Her record company calls her La Dolce Diva, a phrase that one feels ought to have been used of a star singer before, but seemingly hasn't been. And I'm touched to learn that this dolce diva, who is 40 in a few weeks' time, is still accompanied on the circuit by her mother.

It was hard to imagine a better setting for Bartoli, who also opens their summer festival in August. The relatively new concert hall next to the lake in the Swiss resort is a startling achievement, with not just some of the best acoustics in Europe but some of the best views as well. The massive windows and roof terrace look out across the lake. The concert hall's French architect Jean Nouvel, with the staggering presumption that only an architect can possess, actually wanted to place it on the lake, coolly changing the landscape, but the citizens of Lucerne went to the ballot box to oppose that. Instead, Nouvel literally brought the lake into the concert hall, with two canals flowing into the large foyer. Two of the sponsors fell in at a post-concert party. Indeed, Lucerne is the only concert hall in the world to have a room dedicated to keeping spare clothing for unlucky concert-goers.

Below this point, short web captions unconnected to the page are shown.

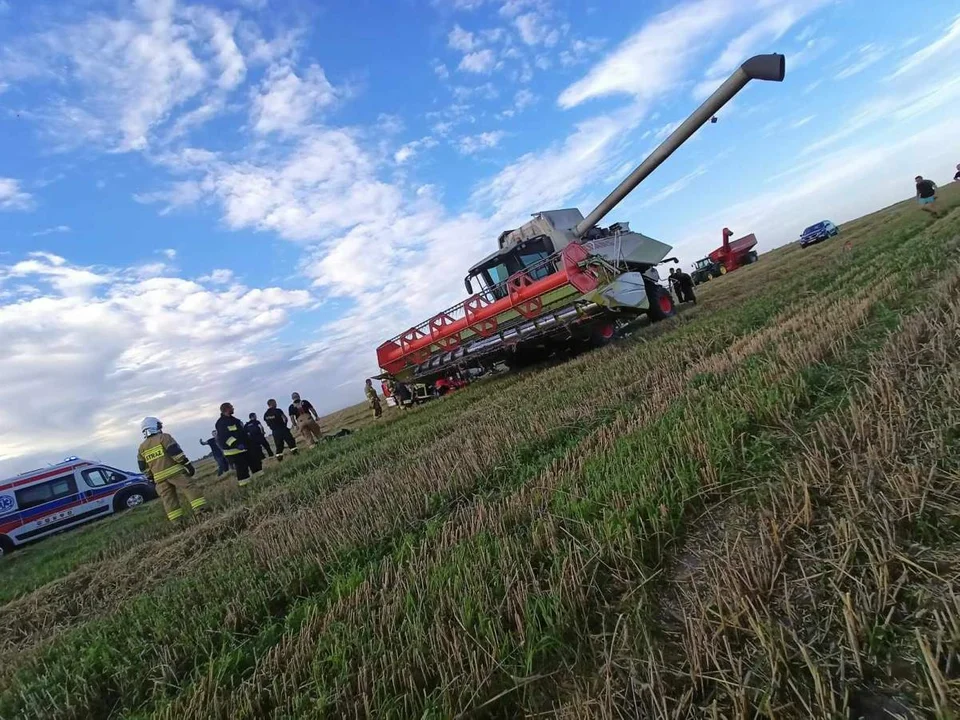 Tragedia na polu w Wolicy Pustej. Nie żyje 65-letni kombajnista - Zdjęcie główne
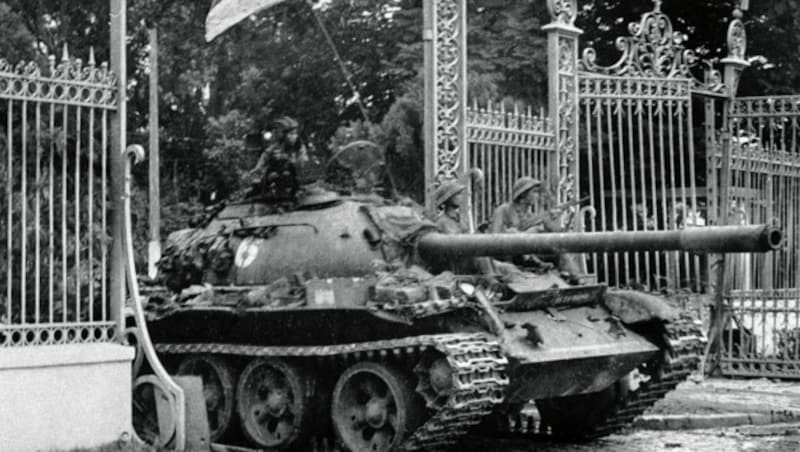 1975: Der Vietcong stürmt Saigon, nachdem die USA zwei Jahre zuvor ein Abkommen über den eigenen Rückzug abgeschlossen hatten. (Bild: APA/AFP/picturedesk.com)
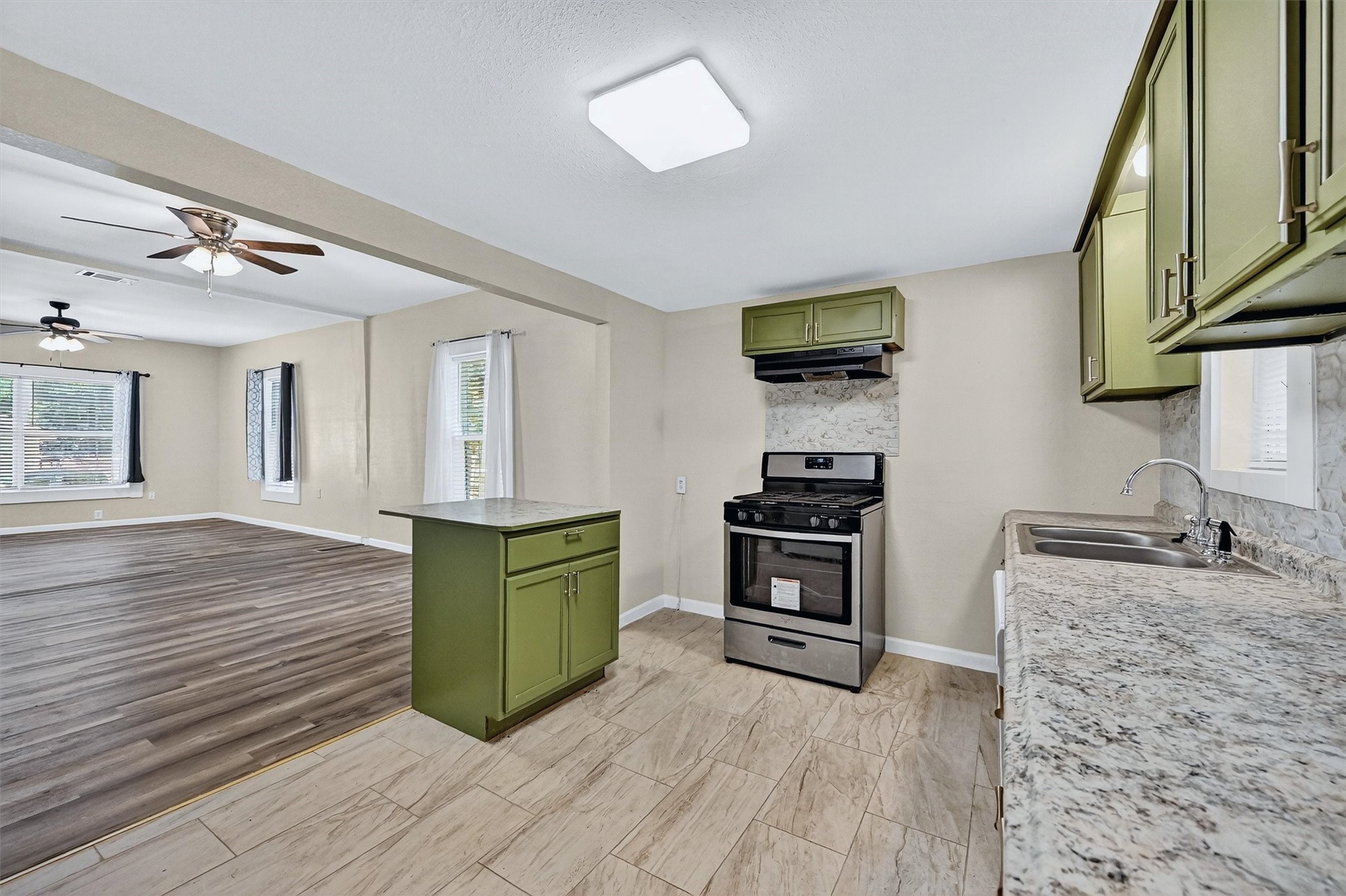419 S Willow Street Sherman TX 75090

Bartoli's recital was about an even weirder danger than falling into the water in a concert hall. It was a recital of arias from banned operas. This must be pleasing for lovers of the art form. Rock songs are banned; plays can be banned; films are censored. But poor old opera lacks the frisson of prohibition. Bartoli, though, has been researching the time in the early 18th century when opera, including work by Handel, was deemed to be dangerous and sinful and was banned by the Pope. All the arias in her current recitals around the world come from these proscribed works.

Bartoli has made an album of the "opera probita" and wore a specially commissioned Vivienne Westwood gown, inspired by the sculptures of Bellini, to launch it. As one does. But Bartoli has brought a new dimension to divadom. Apparently, she has become obsessed with the banned operas, and researches not just the operas but the "substitute operas" of the time, libretti with sacred themes written by cardinals who didn't want the art form to die.

Bartoli has been spending time in libraries in her home city of Rome reading up about it all. The pony tail that swings with abandon on stage is primly tied back in the library. The eyes that flash in concert concentrate in the library on papal edicts.

I don't know whether her mother sits with her in the Rome city library as she does her research. But Bartoli has brought the world of opera a new phenomenon. The diva as bookworm.

Another booking fee rip-off

Few things about ticket prices annoy ticket buyers as much as booking fees. Why are they so high? Why are they per ticket rather than per transaction? But this takes the biscuit.

A press release from the Bridgewater Hall in Manchester says: "Due to the unfortunate news that Gene Pitney [right] sadly died on Wednesday 5 April, the Bridgewater Hall are offering all patrons who have booked for his concert at the Hall on Wednesday 12 April a full refund, excluding booking fees."

Excluding booking fees! The box office manager tells me that booking fees are not refunded because they are an "optional extra".

Concert goers, it seems, could have elected to send in a cheque, but if they use their credit card on the phone (as most of us do) then the venue will not refund the cost of taking the credit card booking. One day someone will explain what exactly is the cost of taking a credit card booking, and why the customers have to pay it even when the man they were booking to see is dead.

* I found a memorable experience in Lucerne, which was nothing to do with the music festival. The Rosengart Collection is an astonishing little museum, full of works by Picasso and many other 20th-century masters.

Seventy-four-year-old Angela Rosengart, the owner, will show you round if you ask. She was a friend of Picasso, and he made six portraits of her. The longest sitting was two and a half hours. At his dinner parties, she says, he was such fun, lively and good humoured. Matisse was a little more serious. Yes, she knew him too, and many of the other artists on display.

Who was her favourite? "Picasso. But I was also very fond of Chagall. He was a dreamer, not really of this world. He was such a butterfly."

It is a stunning collection, but it was hard to look at it and take your eyes off Miss Rosengart in full flow.